=== Section Start ===

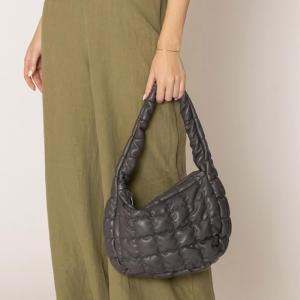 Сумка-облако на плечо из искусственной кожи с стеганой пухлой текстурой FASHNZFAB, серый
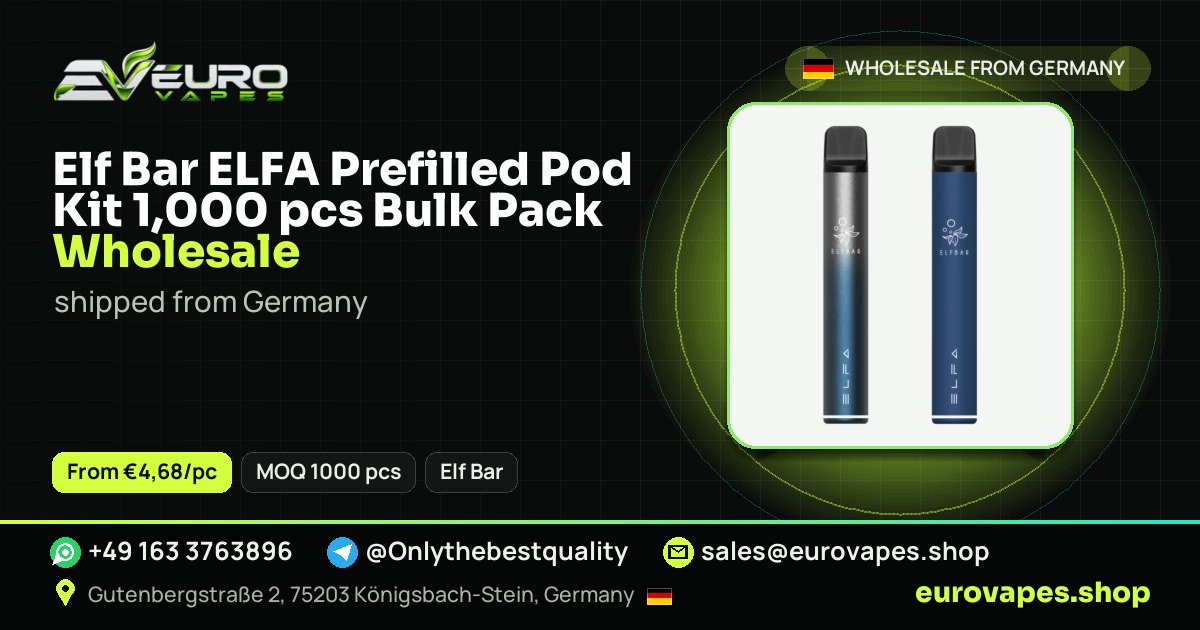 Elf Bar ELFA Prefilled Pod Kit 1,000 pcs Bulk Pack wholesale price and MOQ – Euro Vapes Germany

=== Section End ===
=== Section Start ===

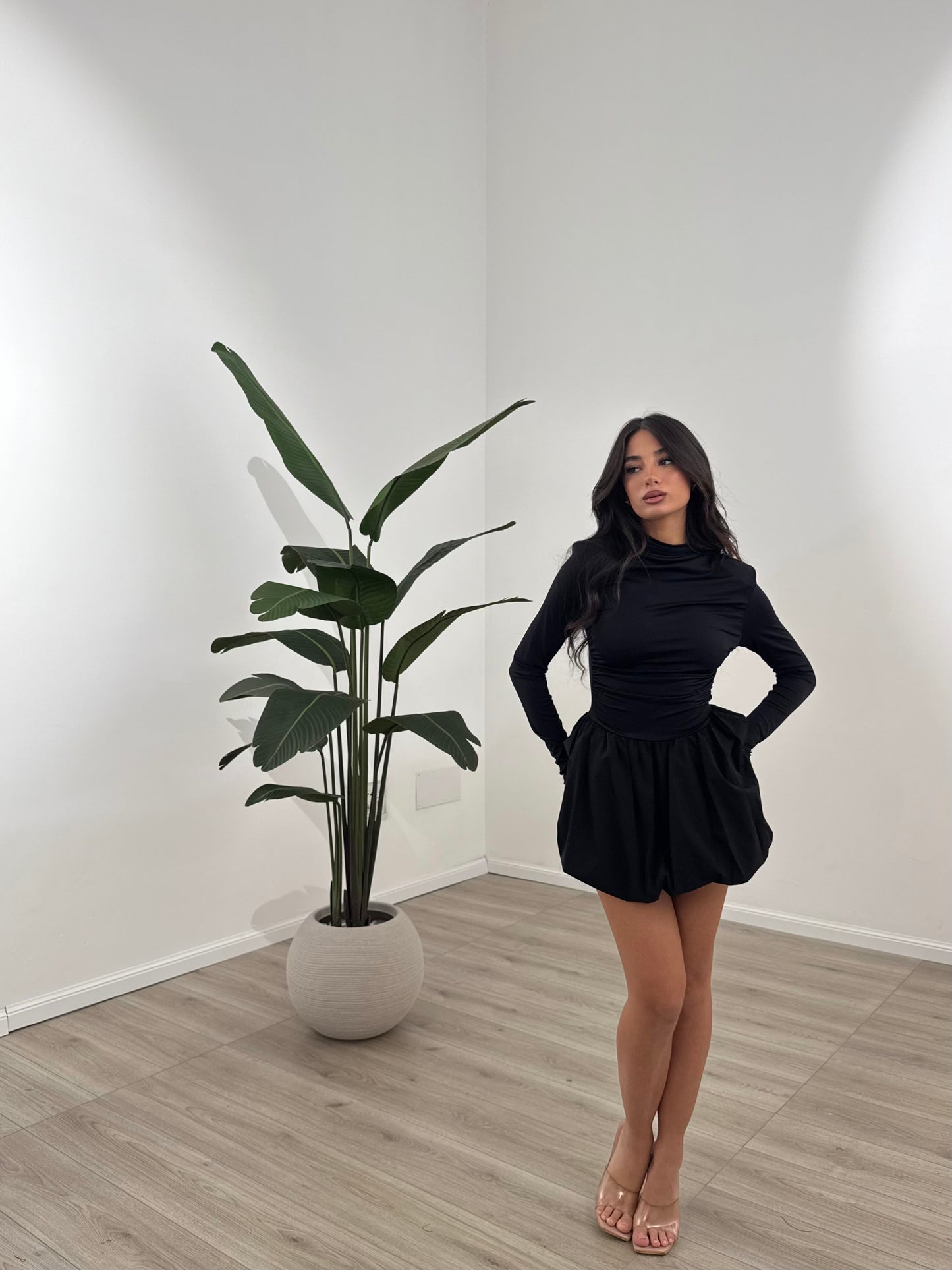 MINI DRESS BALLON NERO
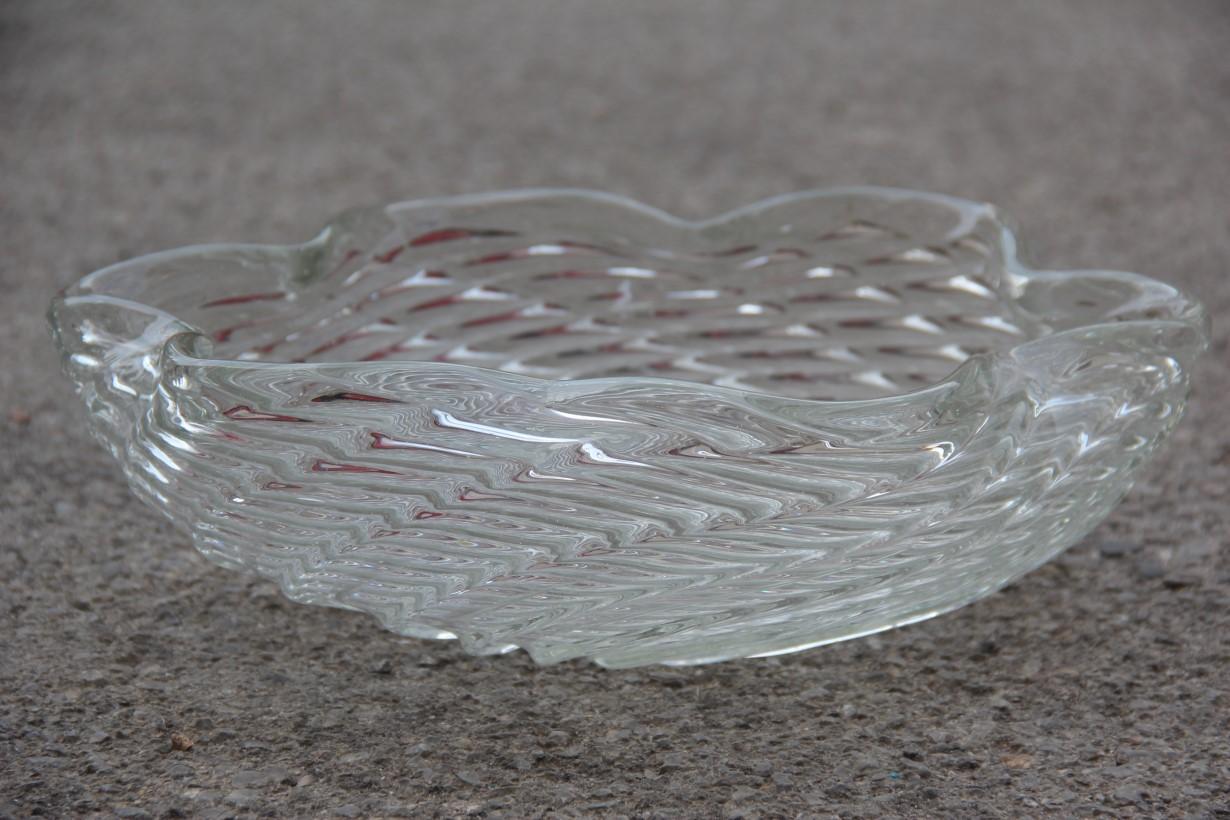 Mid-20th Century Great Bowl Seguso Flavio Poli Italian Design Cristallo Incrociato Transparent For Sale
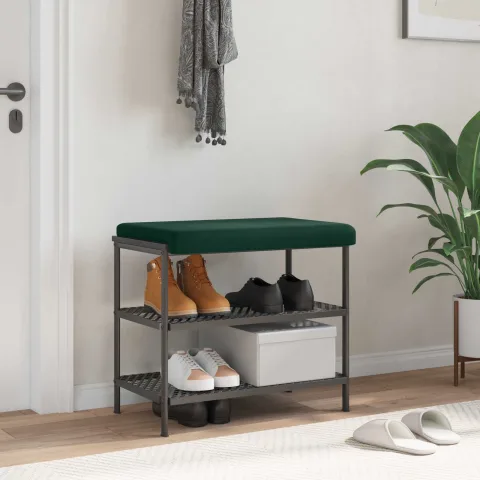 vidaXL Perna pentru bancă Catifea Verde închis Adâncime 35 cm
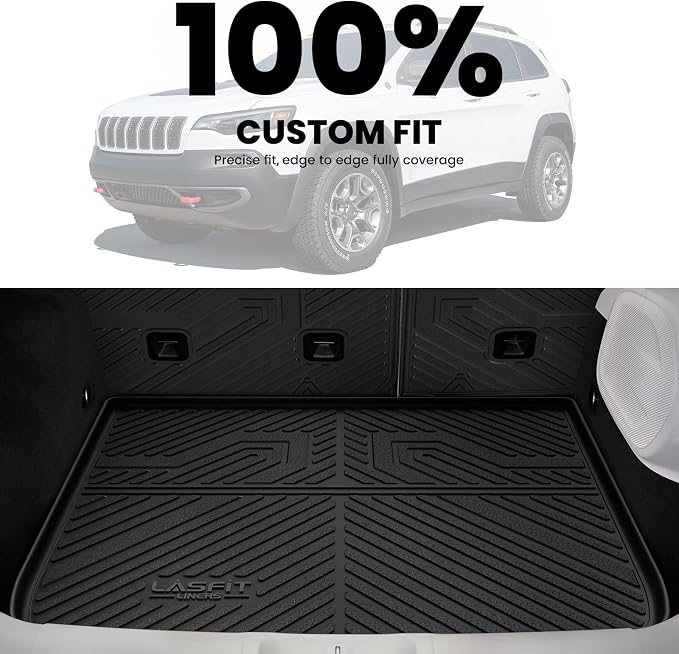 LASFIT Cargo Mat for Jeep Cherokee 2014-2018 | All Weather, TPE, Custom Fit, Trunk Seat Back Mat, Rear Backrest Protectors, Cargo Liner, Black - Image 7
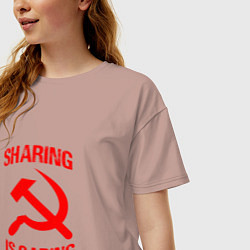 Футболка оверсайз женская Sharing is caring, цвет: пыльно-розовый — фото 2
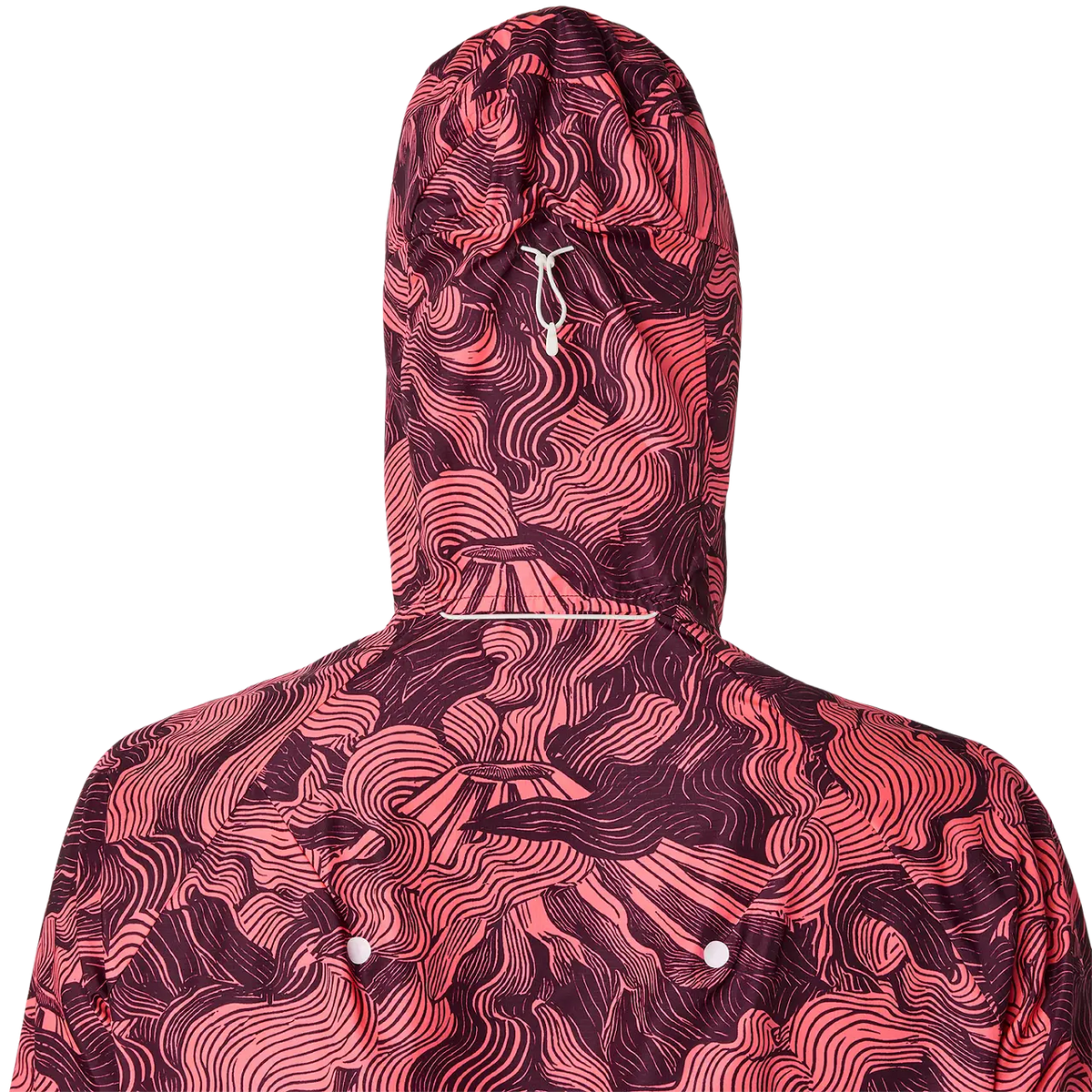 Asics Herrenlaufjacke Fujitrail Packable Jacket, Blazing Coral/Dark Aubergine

=== Section End ===

GOAL OF THE EXERCISE.
Above are the records; copy exactly the lines from the one with "Сумка-облако на плечо" through the one with "Elf Bar ELFA", including both, and nothing more. Leave out pictures.

RESPONSE BELOW.
 Сумка-облако на плечо из искусственной кожи с стеганой пухлой текстурой FASHNZFAB, серый
 Elf Bar ELFA Prefilled Pod Kit 1,000 pcs Bulk Pack wholesale price and MOQ – Euro Vapes Germany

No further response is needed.